The Mini-International Neuropsychiatric Interview (MINI) is a standardized and structured diagnostic interview for DSM-IV and ICD-10 disorders developed jointly by psychiatrists and clinicians in the United States and Europe. The MINI takes 15 minutes to administer. A quick and accurate structured psychiatric interview was designed to be used in relation to multi-center clinical trials and epidemiology studies, used at the beginning of outcome tracking.  

MINI measures the 17 most common mental health disorders. Disorders investigated are of primary importance to clinicians and researchers. Considering the prevalence rates in epidemiological studies of 0.5 or higher in the general population, the disorders were selected.  

Mini was designed as a brief structured interview for the major Axis 1 psychiatric disorders in DSM-IV and ICD-10  MINI is divided into modules identified by letters, each corresponding to a diagnostic category. The screening questions corresponding to the main criteria of the disorders are presented at the beginning of each diagnostic module (except the psychotic disorders module). Each module ends with a diagnostic box that allows the clinician to indicate whether it meets diagnostic criteria.  

How to score:

It is mandatory to rate each question. The rating for each question is done by circling either yes or no. When necessary, the clinician should ask for examples and the patient should be encouraged to ask for classification when needed.  


Subject’s detail :

  • Name – xyz
  • Age – 24
  • Sex – M
  • Education – MBA
  • Time – Morning
  • Place – Gurugram

Examiner’s detail :

  • Name – Nikita
  • Age – 22
  • Sex – F
  • Education – M.Sc.


Mini-International Neuropsychiatric Interview (MINI), pen and pencil.


After the establishment of the rapport, consent was taken and instructions were given to the subject for conducting the interview (MINI). The subject was asked several questions related to AGORAPHOBIA then on the basis of the responses scoring was been done. If the number of “yes” responses were more comparatively to “no” responses then the subject was likely to be diagnosed with agoraphobia.


The following instructions were given to the subject before conducting the test. ‘I will ask you some questions regarding the way you behave, feel or act. You have to answer yes/no according to your acting or feeling. There are no right or wrong responses. You just have to tell whatever suits you the best.
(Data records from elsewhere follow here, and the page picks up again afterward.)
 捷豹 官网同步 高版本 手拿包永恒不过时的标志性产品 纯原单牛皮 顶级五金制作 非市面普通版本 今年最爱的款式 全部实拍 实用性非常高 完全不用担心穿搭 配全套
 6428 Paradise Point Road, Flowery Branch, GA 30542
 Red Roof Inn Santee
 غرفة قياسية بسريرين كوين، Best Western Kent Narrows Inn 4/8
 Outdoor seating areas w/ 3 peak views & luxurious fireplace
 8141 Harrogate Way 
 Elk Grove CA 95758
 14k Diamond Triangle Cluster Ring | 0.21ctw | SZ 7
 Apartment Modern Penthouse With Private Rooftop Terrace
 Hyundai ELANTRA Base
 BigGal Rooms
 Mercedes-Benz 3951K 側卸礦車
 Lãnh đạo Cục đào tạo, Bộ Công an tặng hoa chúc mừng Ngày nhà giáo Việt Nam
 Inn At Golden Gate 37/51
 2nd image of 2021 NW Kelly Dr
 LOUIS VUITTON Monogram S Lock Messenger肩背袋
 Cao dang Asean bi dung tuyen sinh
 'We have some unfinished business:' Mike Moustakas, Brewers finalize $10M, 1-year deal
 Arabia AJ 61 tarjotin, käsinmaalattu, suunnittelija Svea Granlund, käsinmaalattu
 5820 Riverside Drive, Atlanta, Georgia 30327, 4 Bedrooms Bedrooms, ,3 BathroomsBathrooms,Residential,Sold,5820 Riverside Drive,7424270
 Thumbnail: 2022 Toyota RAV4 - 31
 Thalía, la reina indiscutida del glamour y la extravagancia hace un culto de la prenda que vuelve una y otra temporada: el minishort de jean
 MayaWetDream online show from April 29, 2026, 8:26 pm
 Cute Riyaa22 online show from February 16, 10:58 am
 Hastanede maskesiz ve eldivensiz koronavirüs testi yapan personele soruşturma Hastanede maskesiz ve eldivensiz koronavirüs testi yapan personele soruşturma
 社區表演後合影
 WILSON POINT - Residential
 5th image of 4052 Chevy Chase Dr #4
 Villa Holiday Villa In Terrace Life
You can ask clarification on any question that is not absolutely clear.’


  • It was made sure that the subject understands each and every question that was been asked.
  • The extraneous variables(noise, light, hunger, etc) were kept under control, so as to avoid any error.
  • After the results been announced the subject was made clear with the problem he is facing, and what all measures could be taken in order to deal with effectively.


The subject fulfils the criteria for diagnosis of Agoraphobia current, without history of panic disorder, as the subject has answered ‘yes’ in E1, ‘yes’ in E2, and has answered most of the ‘questions as ‘yes’ of D5. Also the subject answered ‘no’ for the questions related to meet criteria of Panic disorder with agoraphobia current and panic disorder without agoraphobia current.

This means that the subject experience an irrational fear of being in places away from the familiar setting of the home, like shopping malls, movie theatres, and stores. It may be particularly difficult for people with agoraphobia to stand in a line. Worried they will have a panic attack or get sick, they fear being stuck in situations from which they can’t escape, or in which they cannot get immediate help.  

Relaxation techniques, cognitive behavioural therapy, exposure response prevention, and psychotherapeutic methods can be suggested to the subject to deal with the problem.